#### What to work on:
Everything from the line holding "Temperature on Mars" to the end of the listing below should be copied exactly, line for line, minus the pictures.

----

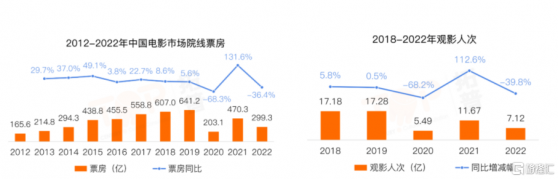 影視板塊錨定復甦主線，阿里影業(1060.HK)等頭部標的有望率先啟動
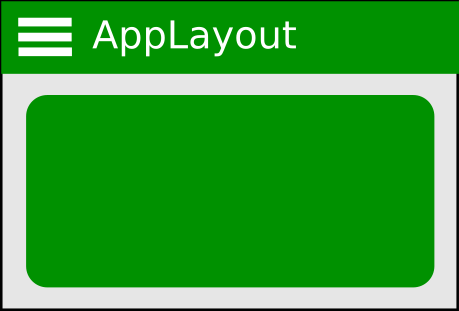 App Layout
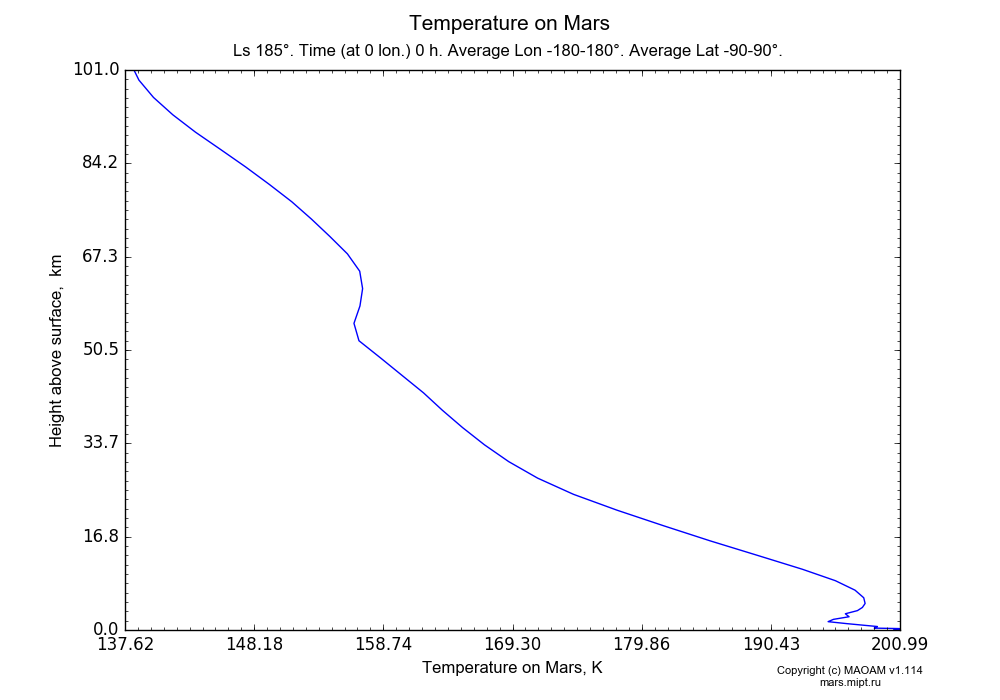 Temperature on Mars dependence from Height above surface 0-101 km in Equirectangular (default) projection with Ls 185°, Time (at 0 lon.) 0 h, Average Lon -180-180°, Average Lat -90-90°. In version 1.114: Martian year 34 dust storm (Ls 185 - 267).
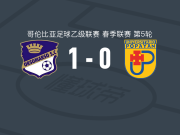 奥尔索马尔索1-0卡利博卡青年，巴伊龙-凯塞多制胜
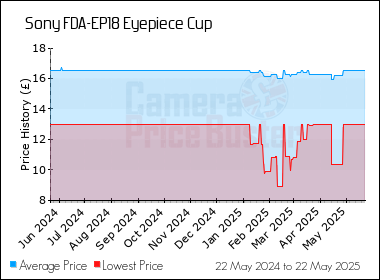 Best Price History for the Sony FDA-EP18 Eyepiece Cup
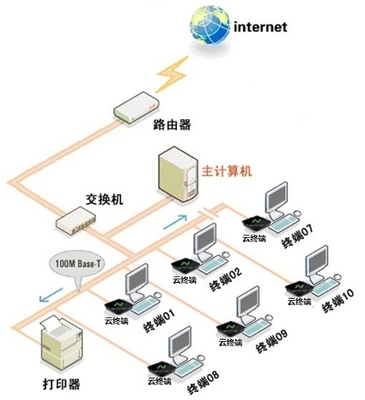 項目-虛擬桌面信息化管理中計算機及外圍設備的優(yōu)化整合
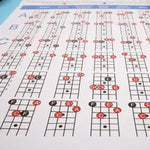 แผนภูมิฝึกนิ้วคอร์ดกีตาร์กระดาษทองแดง, ขนาดเล็ก, ขนาดใหญ่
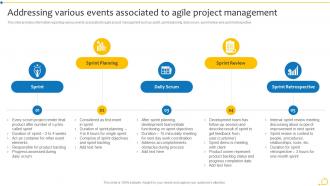 Addressing Various Events Associated To Agile Project Management Agile Initiation Playbook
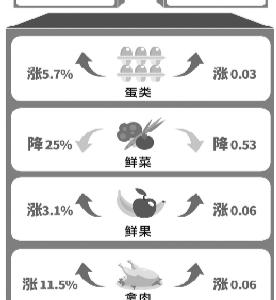 上月北京鮮菜瓜果價(jià)格環(huán)比明顯下降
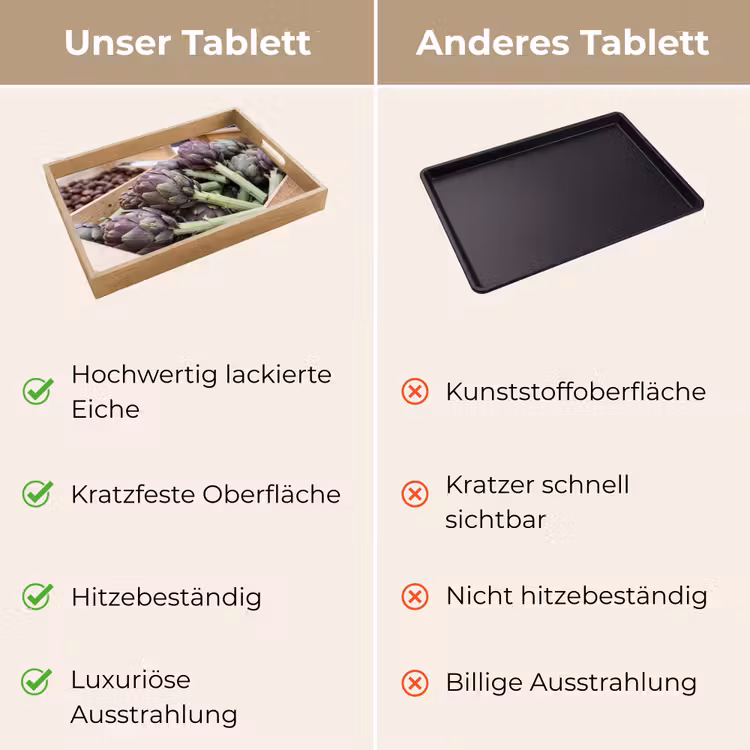Tablett - Gemüse – Markt – Frisch - Groenten - Markt - Vers Dienblad Rechthoek middel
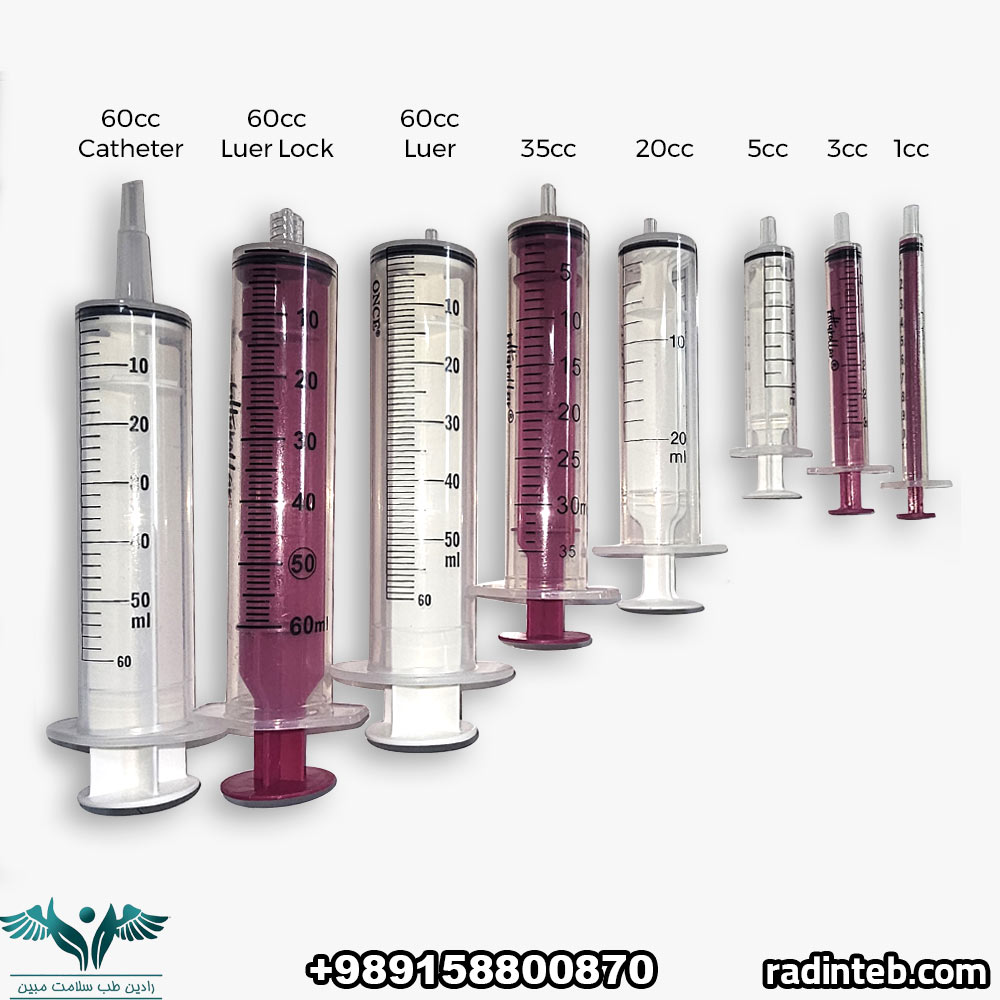 Types-of-Medical-Syringes-A-Complete-Guide-radinteb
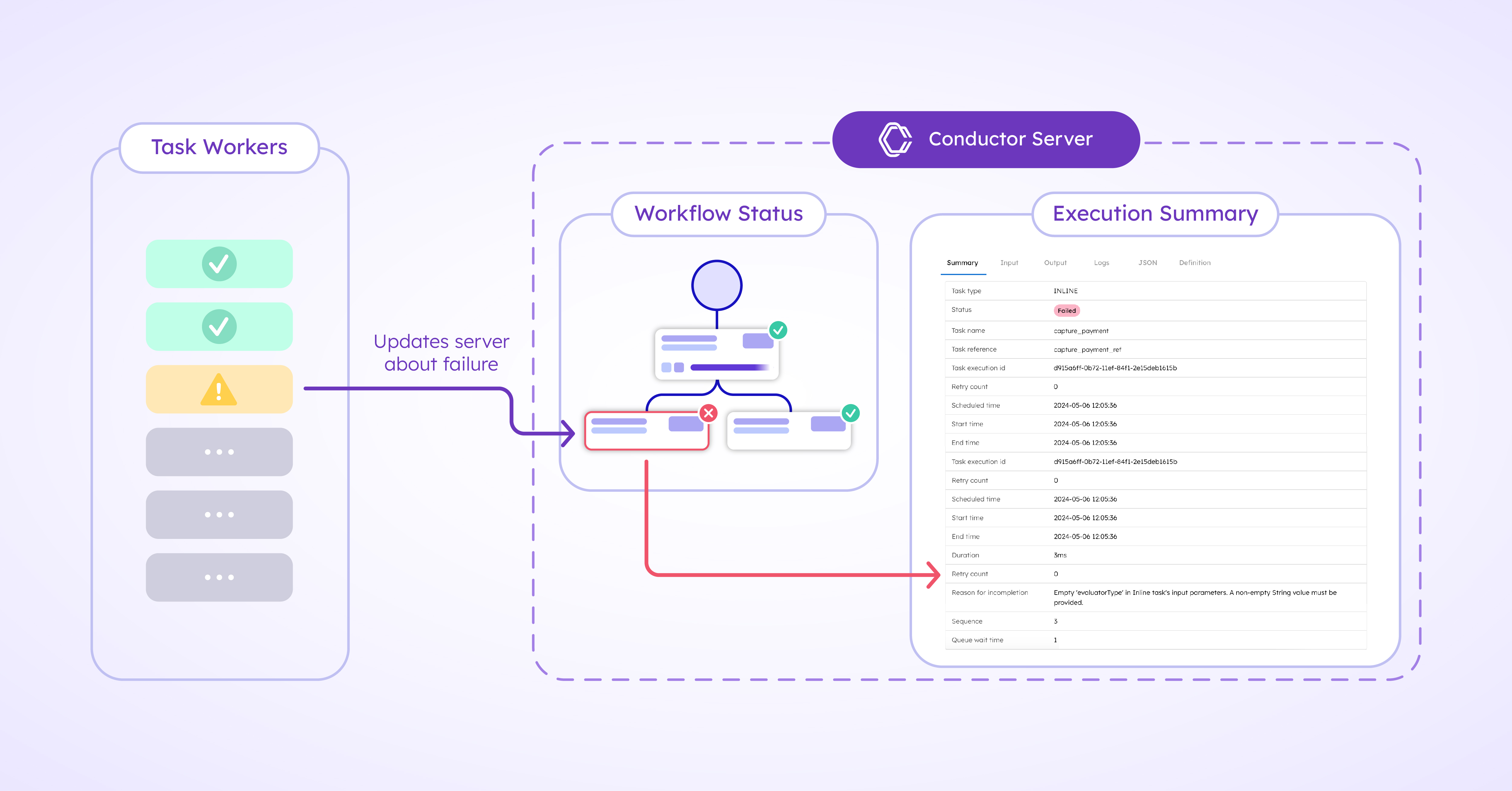Diagram of workflow failure and Conductor’s introspection feature where developers can inspect the execution from various screens.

----

#### Output:
 Temperature on Mars dependence from Height above surface 0-101 km in Equirectangular (default) projection with Ls 185°, Time (at 0 lon.) 0 h, Average Lon -180-180°, Average Lat -90-90°. In version 1.114: Martian year 34 dust storm (Ls 185 - 267).
 奥尔索马尔索1-0卡利博卡青年，巴伊龙-凯塞多制胜
 Best Price History for the Sony FDA-EP18 Eyepiece Cup
 項目-虛擬桌面信息化管理中計算機及外圍設備的優(yōu)化整合
 แผนภูมิฝึกนิ้วคอร์ดกีตาร์กระดาษทองแดง, ขนาดเล็ก, ขนาดใหญ่
 Addressing Various Events Associated To Agile Project Management Agile Initiation Playbook
 上月北京鮮菜瓜果價(jià)格環(huán)比明顯下降
Tablett - Gemüse – Markt – Frisch - Groenten - Markt - Vers Dienblad Rechthoek middel
 Types-of-Medical-Syringes-A-Complete-Guide-radinteb
Diagram of workflow failure and Conductor’s introspection feature where developers can inspect the execution from various screens.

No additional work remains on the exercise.